“No adequate alternative remedy”: Ontario Court orders hospital not to adjust schedules pending outcome of grievance

Readers of FOCUS alerts are well aware of the importance of the 1995 decision of the Supreme Court of Canada in Weber v. Ontario Hydro. Under the Weber approach, courts will decline to take jurisdiction over a dispute if the essence of the dispute arises out of a collective agreement. However, even in those cases, courts will take jurisdiction if the arbitration process offers no adequate remedy. This important, but sometimes overlooked, aspect of the Weber doctrine has been demonstrated in Aranas v. Toronto East General & Orthopaedic Hospital Inc. (January 19, 2005), a decision of the Ontario Superior Court of Justice.

That case involved a grievance against the employer’s implementation of a “Master Rotating Schedule” and its elimination of permanent schedules in one of its units. The grievors had specifically sought permanent evening and night shifts and had been hired on that basis. They had sought those arrangements largely because they were raising young children and wanted one parent to be at home with the children while the other was at work. The collective agreement provided for permanent shift schedules, and such scheduling had been a longstanding practice over a period of at least thirty years.

The employer had agreed to postpone implementation of its new schedules from September 2004 until January 2005 but, even under the expedited arbitration procedure, the earliest the dispute could be resolved was April 2005. When the employer declined to agree to a further postponement, the union sought an interim injunction from the court prohibiting the employer from implementing its new schedules.

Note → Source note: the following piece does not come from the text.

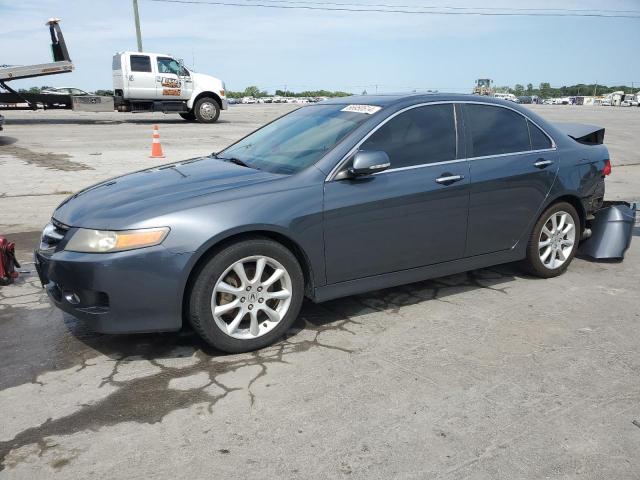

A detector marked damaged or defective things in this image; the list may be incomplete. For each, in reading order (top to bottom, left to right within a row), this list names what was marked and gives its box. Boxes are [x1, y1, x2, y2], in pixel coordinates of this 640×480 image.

cracked asphalt [1, 106, 640, 480]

COURT: “RESIDUAL JURISDICTION” TO INTERVENE

The Court, noting that it was difficult to justify judicial intervention in labour relations disputes, nonetheless acknowledged that Ontario arbitrators do not have any power to prohibit an employer from taking such an action pending a final determination of the issue. Nor was there any process available under the collective agreement to temporarily bar the employer’s action pending a final determination of the legality of the new schedule.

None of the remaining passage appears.